If you want to install MolE in your local environment follow these steps:

First, create and activate your virtual environment:

# create a new virtual environment using pyenv
pyenv virtualenv mole

# activate the environment
pyenv activate mole

Next, clone this repo and move into it:

git clone https://github.com/recursionpharma/mole_public.git
cd mole_public

Proceed to install project dependencies, this should take less than 30 mins in a normal CPU:

# For Mac or CPU only:
pip install -r requirements/main_<PYTHON_VERSION>.txt

# For CUDA:
pip install -r requirements/main_<PYTHON_VERSION>_gpu.txt

where <PYTHON_VERSION> could be 3.9 or 3.10

Finally, install mole which should take few minutes:

pip install -e .

NOTE: If you are a mac user consider to use PYTORCH_ENABLE_MPS_FALLBACK=1 as environmental variable to avoid issues between torch and M1 processors. You can do it by typing:

echo "export PYTORCH_ENABLE_MPS_FALLBACK=1" >> .bashrc

Download pretrained models

TODO

Usage

How to train a model?

Models can be easily trained usign mole_train from the command line. mole_train is powered by hydra which allows to create a configuration file and start the job .
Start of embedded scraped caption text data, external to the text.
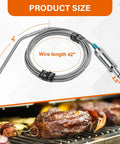 Meat Temperature Probe Replacement For 110V Jim Bowie Daniel Boone Choice Grills And Davy Crockett Wood Pellet Grills Grill Upgrade Compatible GMG P-1035 GMGP40 Temperature Probe Parts For Precise Easy Even Cooking with 5-inch probe and 42-inch wire
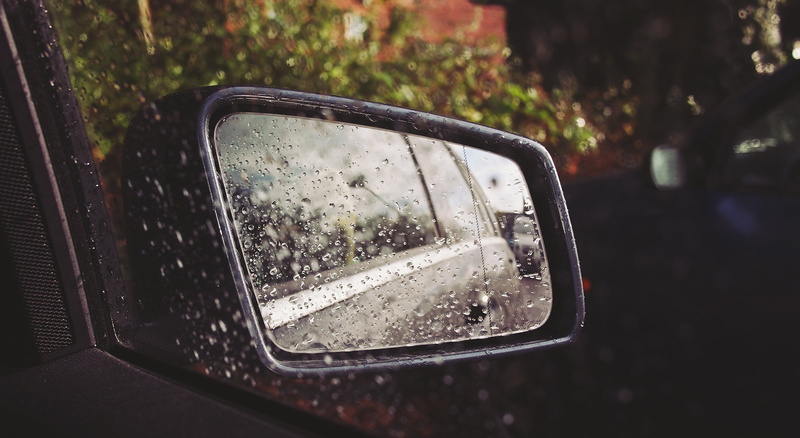 mirror, motor vehicle, glass - material, right, wing, car mirror, day, car, side-view mirror, winged, droplets, black, framed, no people, drop, reflection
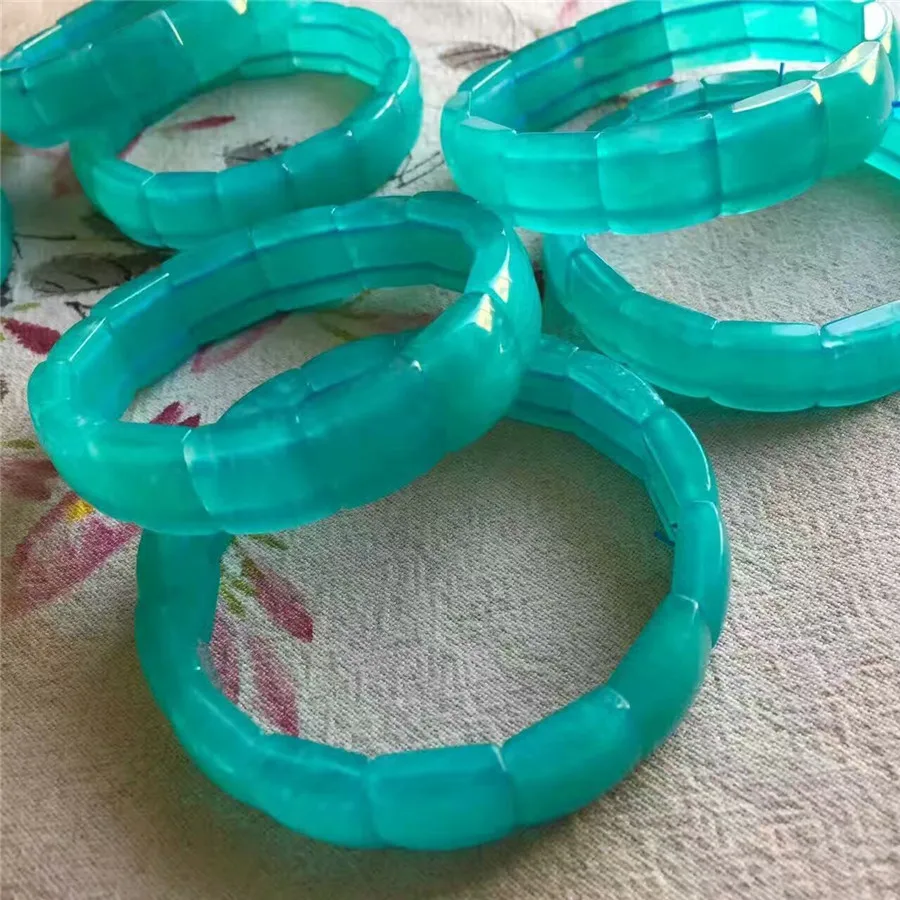 Натуральные ледяные браслеты из амазонита для женщин женские растягивающиеся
You can always see the complete configuration file begore launching the job by adding --cfg job --resolve at the end of the command. This will print the configuration file.

Fine tune MolE

If you need to fine tune MolE using a smaller dataset (e.g. to predict activity in an internal project) you can do it using mole_train model=finetune where you need to specify:

  • data_file [string] - this is the path to the file containing the training set in your local computer.
  • checkpoint_path [string] - this is the path to the file containing the pretrained model. If null, training will start from a randomly initialized model
  • dropout [float] - specifies the dropout used in the prediction head. This should be a value between 0 and 1.
  • lr [float] - sets the learning rate used during tratinig. Take into account that we used a linear warmup at the beginnig of the triaining.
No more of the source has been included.